======== PROVIDED INFORMATION ========

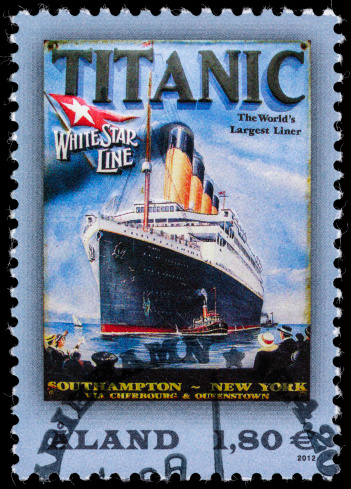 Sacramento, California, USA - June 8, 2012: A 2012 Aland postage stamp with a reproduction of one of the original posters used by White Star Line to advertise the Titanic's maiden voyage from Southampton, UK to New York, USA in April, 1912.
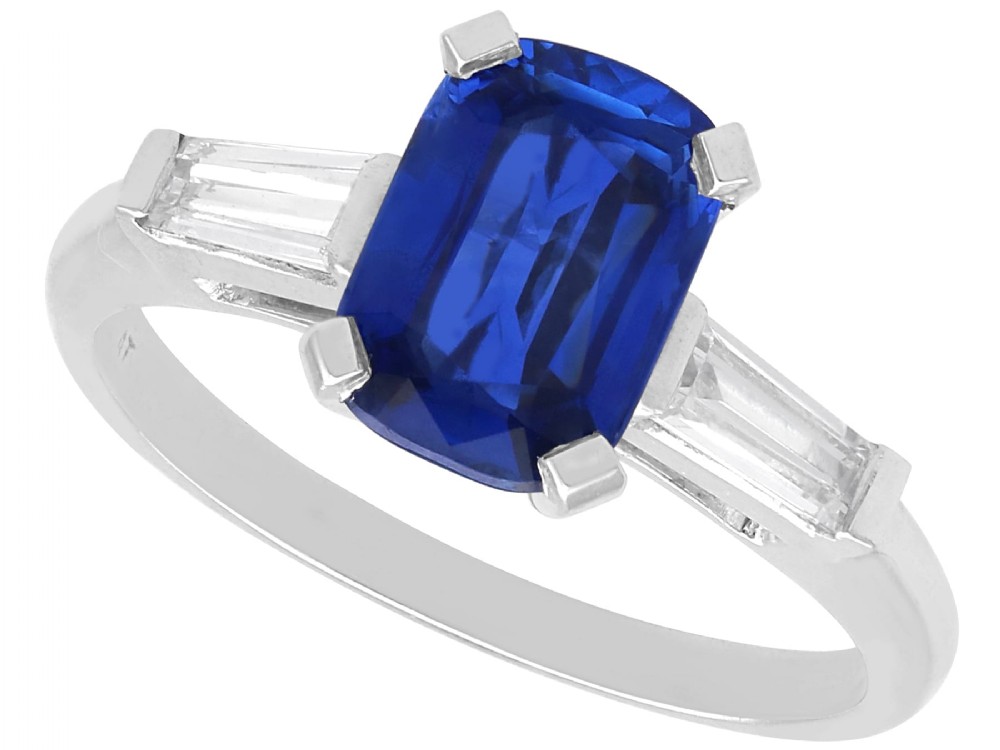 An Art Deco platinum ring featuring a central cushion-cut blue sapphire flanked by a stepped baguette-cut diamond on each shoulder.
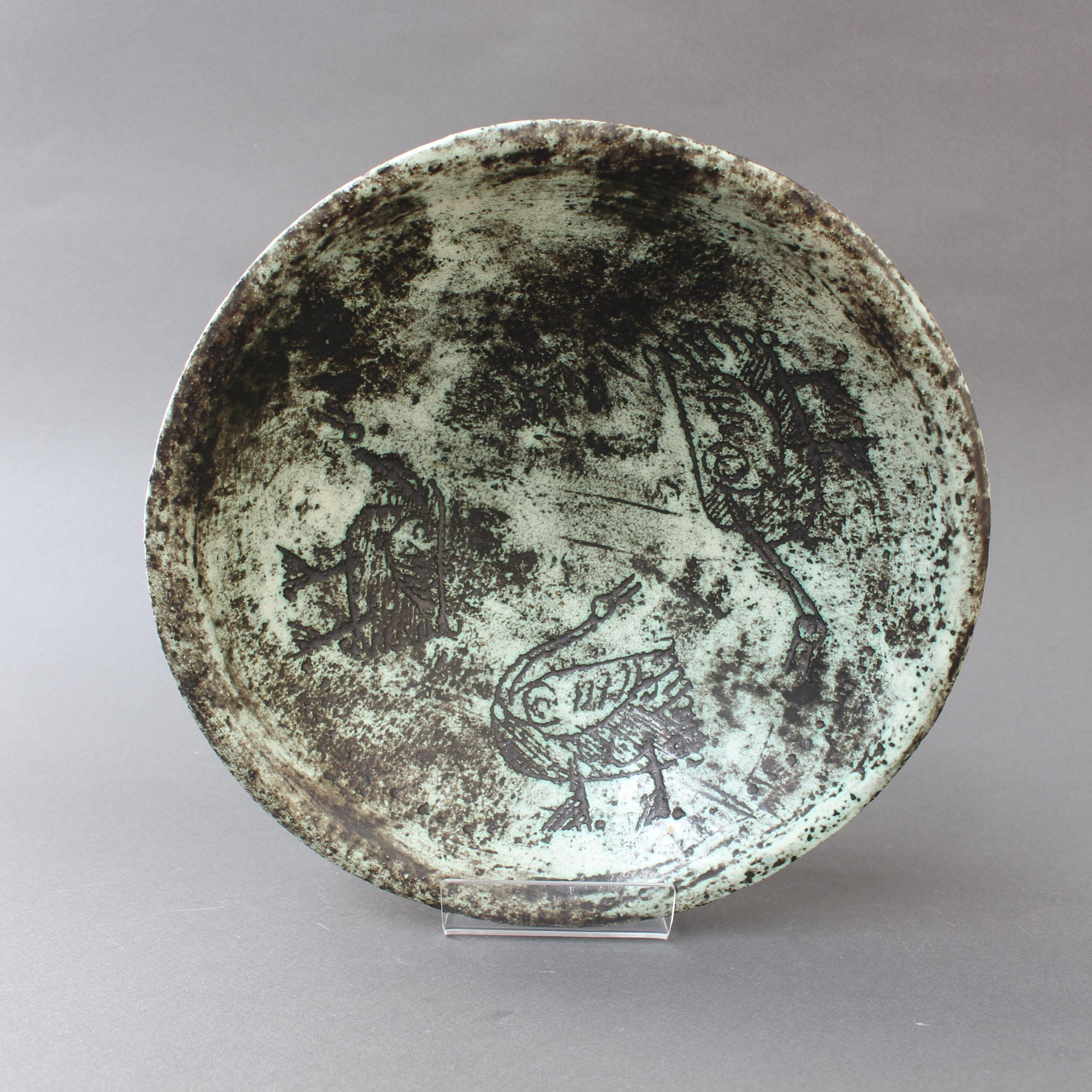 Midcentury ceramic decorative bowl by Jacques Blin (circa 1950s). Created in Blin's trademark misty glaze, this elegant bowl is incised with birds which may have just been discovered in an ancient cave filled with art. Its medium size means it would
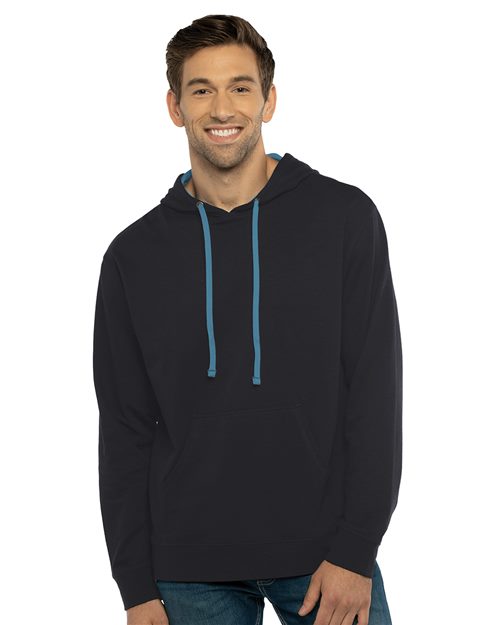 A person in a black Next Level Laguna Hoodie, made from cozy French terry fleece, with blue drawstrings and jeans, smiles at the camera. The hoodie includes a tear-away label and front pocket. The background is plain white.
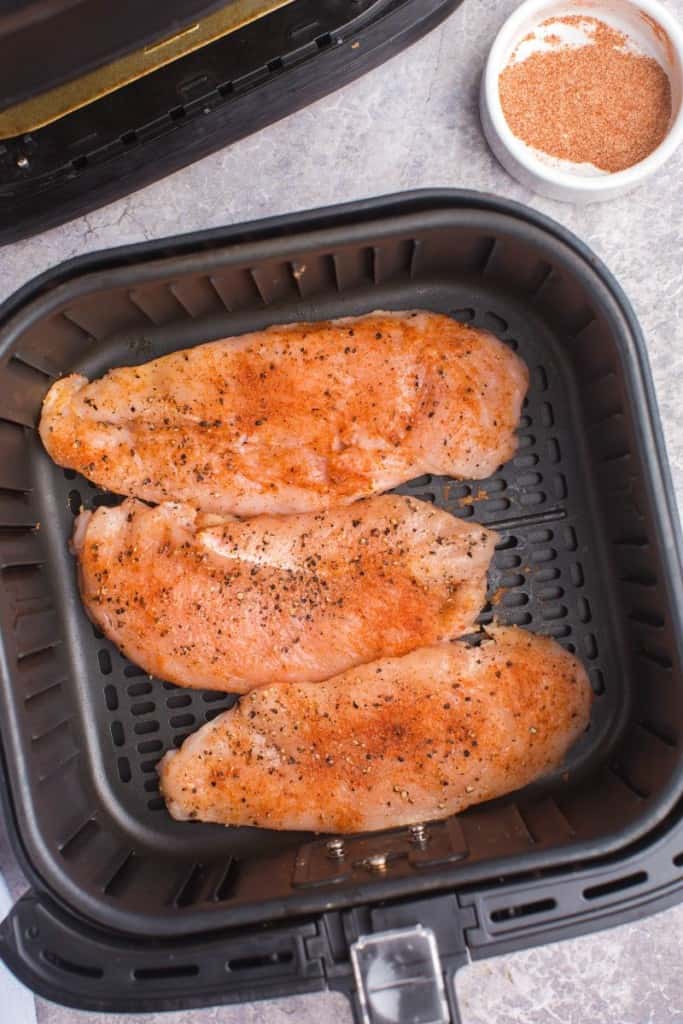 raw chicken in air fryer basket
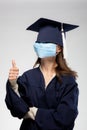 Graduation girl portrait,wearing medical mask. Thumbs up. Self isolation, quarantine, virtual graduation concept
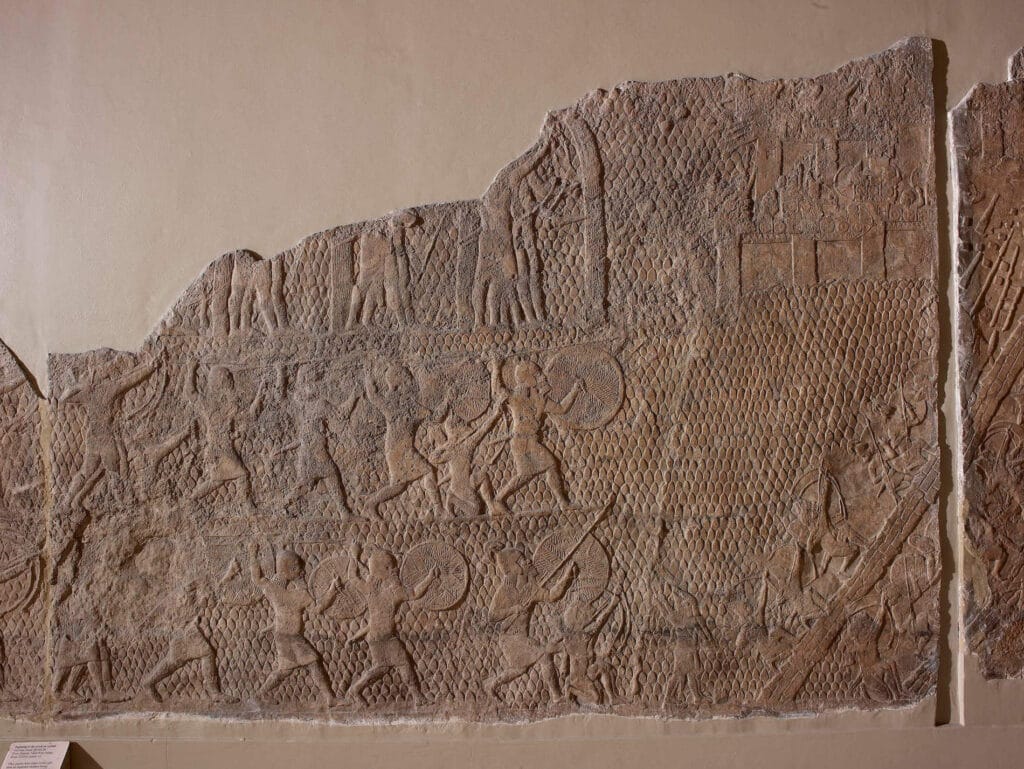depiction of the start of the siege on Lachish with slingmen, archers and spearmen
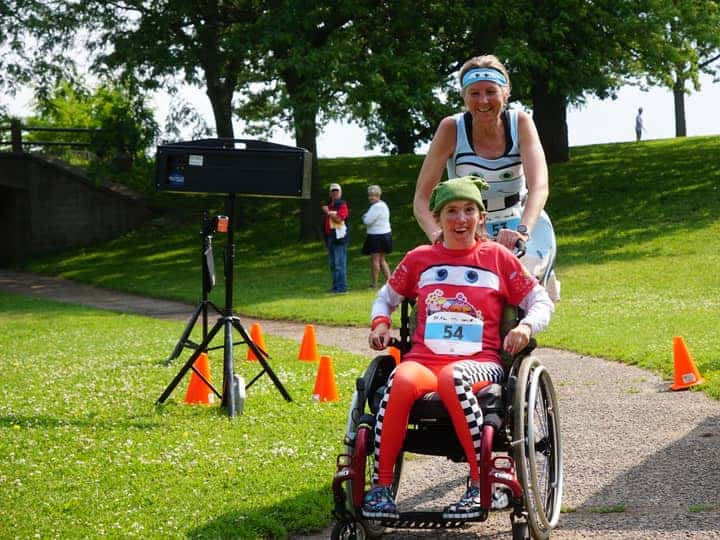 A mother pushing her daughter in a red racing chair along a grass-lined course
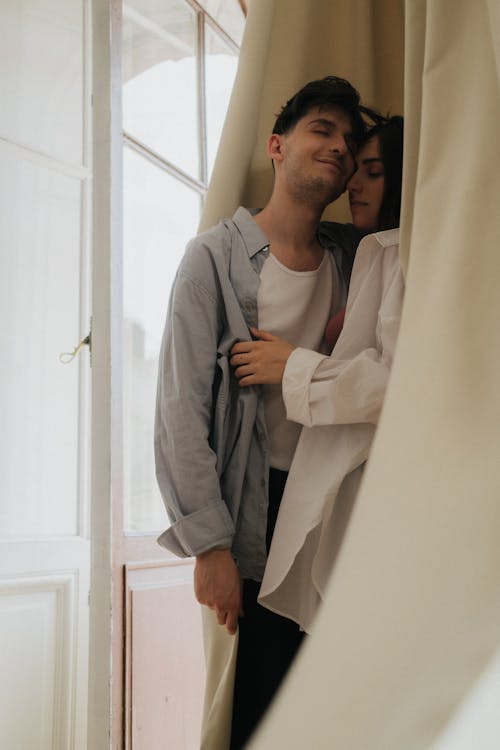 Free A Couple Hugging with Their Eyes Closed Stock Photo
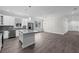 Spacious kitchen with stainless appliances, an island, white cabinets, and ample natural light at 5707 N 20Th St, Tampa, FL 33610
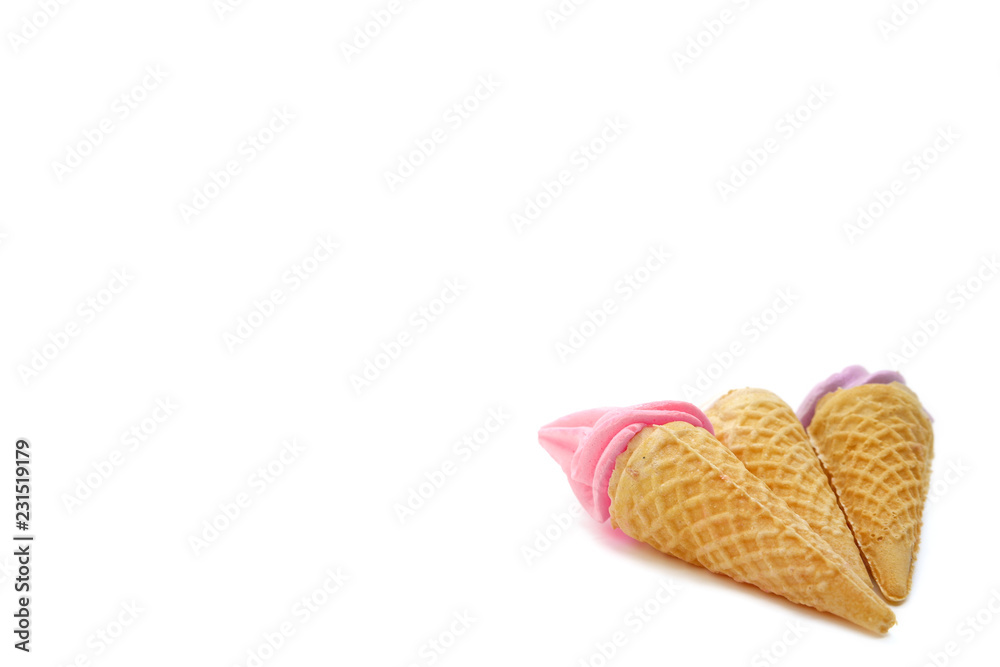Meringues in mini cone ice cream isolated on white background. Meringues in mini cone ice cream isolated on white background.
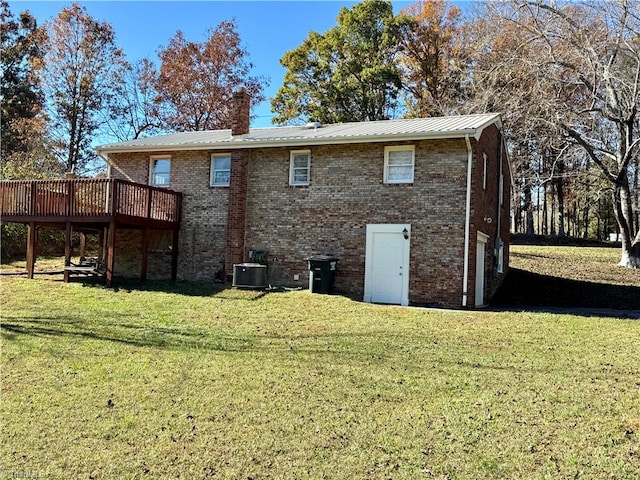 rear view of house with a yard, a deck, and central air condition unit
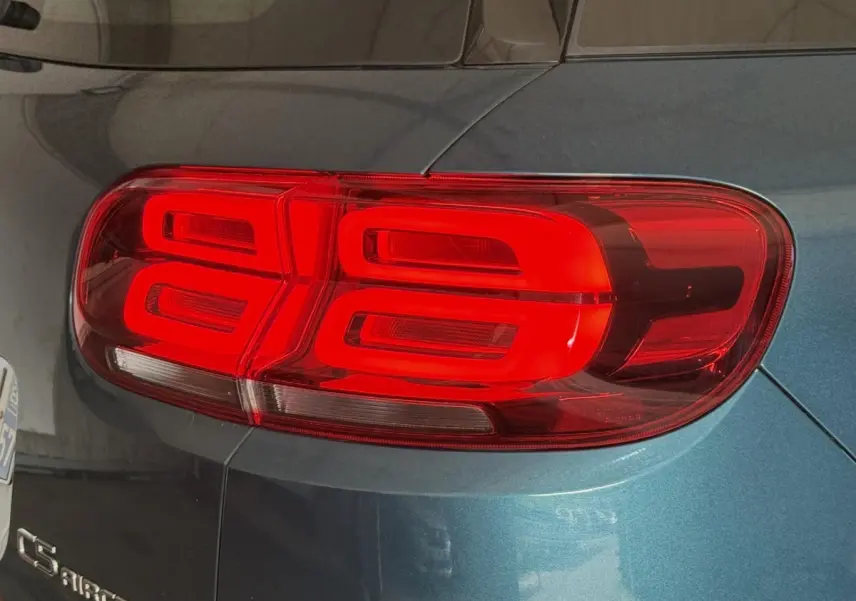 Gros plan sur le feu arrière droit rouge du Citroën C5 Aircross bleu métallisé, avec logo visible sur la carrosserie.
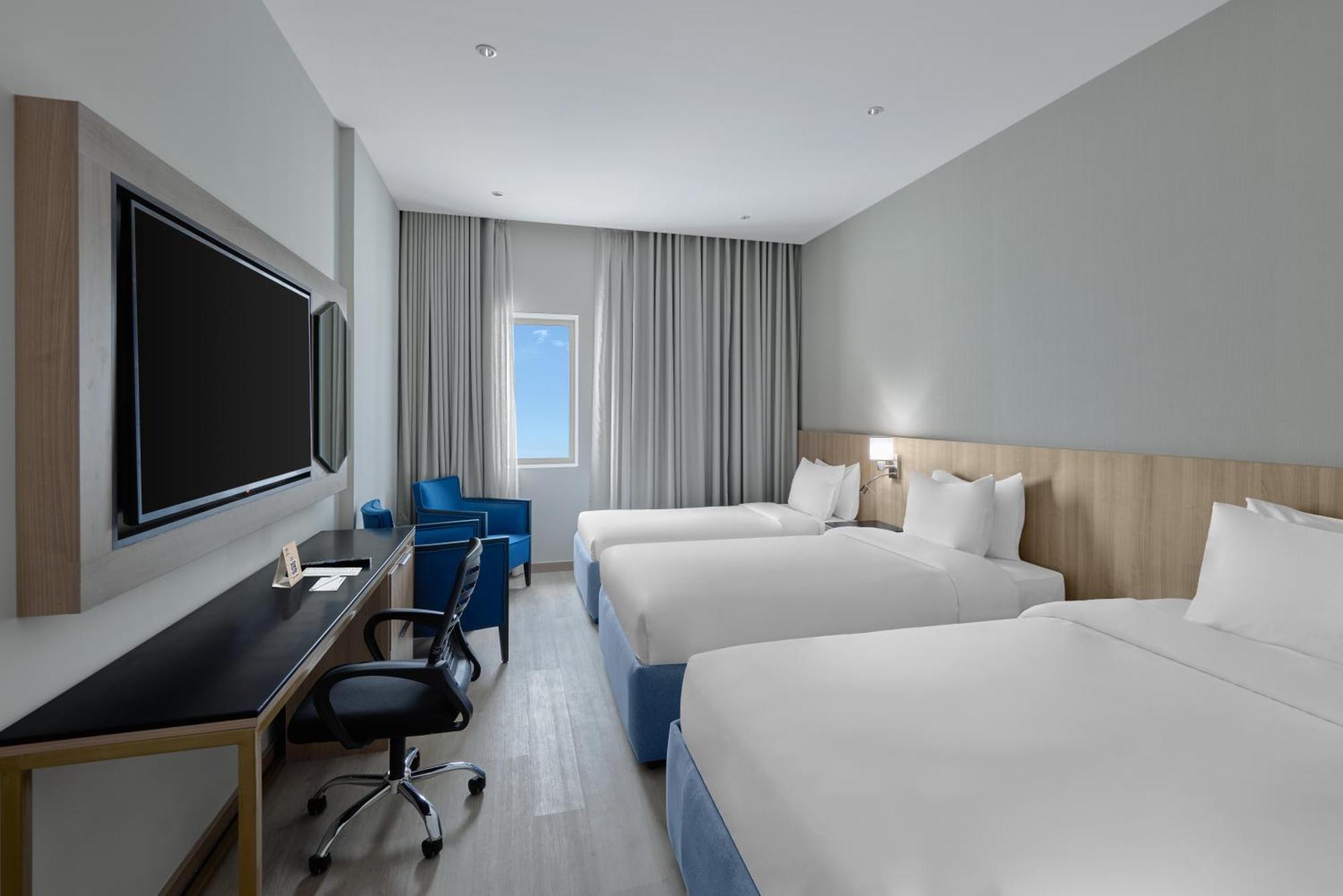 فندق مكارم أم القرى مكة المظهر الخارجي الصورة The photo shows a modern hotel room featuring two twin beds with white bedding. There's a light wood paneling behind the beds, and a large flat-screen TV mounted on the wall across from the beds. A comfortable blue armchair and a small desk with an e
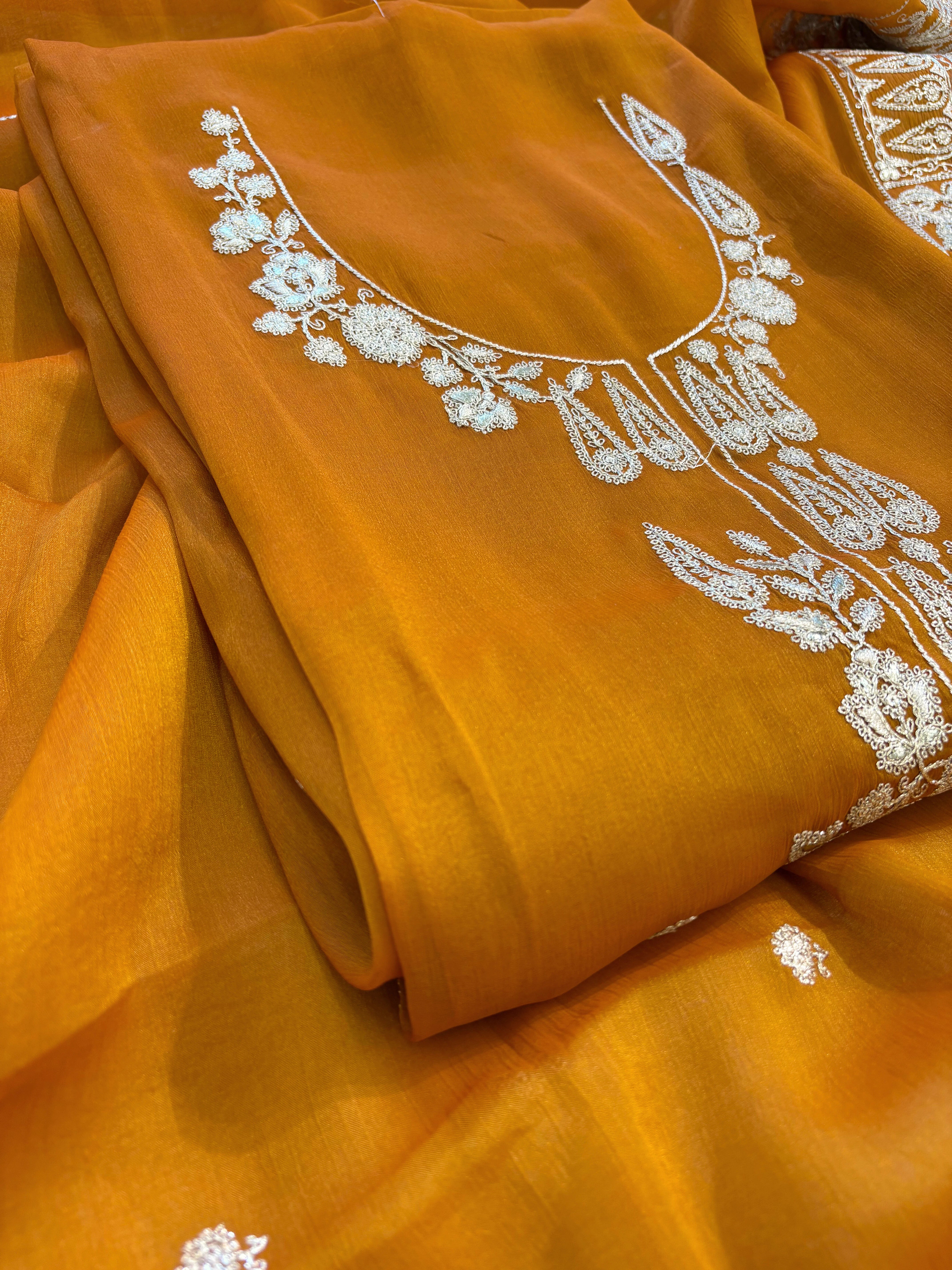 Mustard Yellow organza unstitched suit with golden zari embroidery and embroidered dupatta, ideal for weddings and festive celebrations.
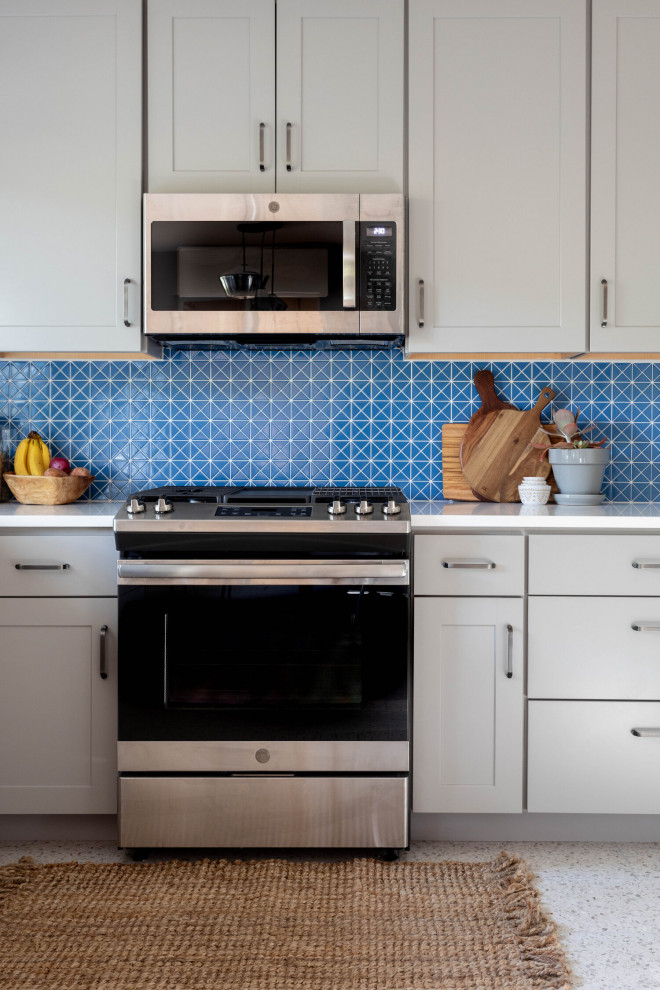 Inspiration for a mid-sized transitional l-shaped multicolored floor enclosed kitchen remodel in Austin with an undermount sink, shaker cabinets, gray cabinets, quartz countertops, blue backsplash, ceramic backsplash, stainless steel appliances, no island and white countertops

========

**ASSIGNED TASK**
A word-for-word restatement of all the lines above is needed, with the pictures omitted.

**REPLY TO THE TASK**
 Sacramento, California, USA - June 8, 2012: A 2012 Aland postage stamp with a reproduction of one of the original posters used by White Star Line to advertise the Titanic's maiden voyage from Southampton, UK to New York, USA in April, 1912.
 An Art Deco platinum ring featuring a central cushion-cut blue sapphire flanked by a stepped baguette-cut diamond on each shoulder.
 Midcentury ceramic decorative bowl by Jacques Blin (circa 1950s). Created in Blin's trademark misty glaze, this elegant bowl is incised with birds which may have just been discovered in an ancient cave filled with art. Its medium size means it would
 A person in a black Next Level Laguna Hoodie, made from cozy French terry fleece, with blue drawstrings and jeans, smiles at the camera. The hoodie includes a tear-away label and front pocket. The background is plain white.
 raw chicken in air fryer basket
 Graduation girl portrait,wearing medical mask. Thumbs up. Self isolation, quarantine, virtual graduation concept
depiction of the start of the siege on Lachish with slingmen, archers and spearmen
 A mother pushing her daughter in a red racing chair along a grass-lined course
 Free A Couple Hugging with Their Eyes Closed Stock Photo
 Spacious kitchen with stainless appliances, an island, white cabinets, and ample natural light at 5707 N 20Th St, Tampa, FL 33610
Meringues in mini cone ice cream isolated on white background. Meringues in mini cone ice cream isolated on white background.
 rear view of house with a yard, a deck, and central air condition unit
 Gros plan sur le feu arrière droit rouge du Citroën C5 Aircross bleu métallisé, avec logo visible sur la carrosserie.
 فندق مكارم أم القرى مكة المظهر الخارجي الصورة The photo shows a modern hotel room featuring two twin beds with white bedding. There's a light wood paneling behind the beds, and a large flat-screen TV mounted on the wall across from the beds. A comfortable blue armchair and a small desk with an e
 Mustard Yellow organza unstitched suit with golden zari embroidery and embroidered dupatta, ideal for weddings and festive celebrations.
 Inspiration for a mid-sized transitional l-shaped multicolored floor enclosed kitchen remodel in Austin with an undermount sink, shaker cabinets, gray cabinets, quartz countertops, blue backsplash, ceramic backsplash, stainless steel appliances, no island and white countertops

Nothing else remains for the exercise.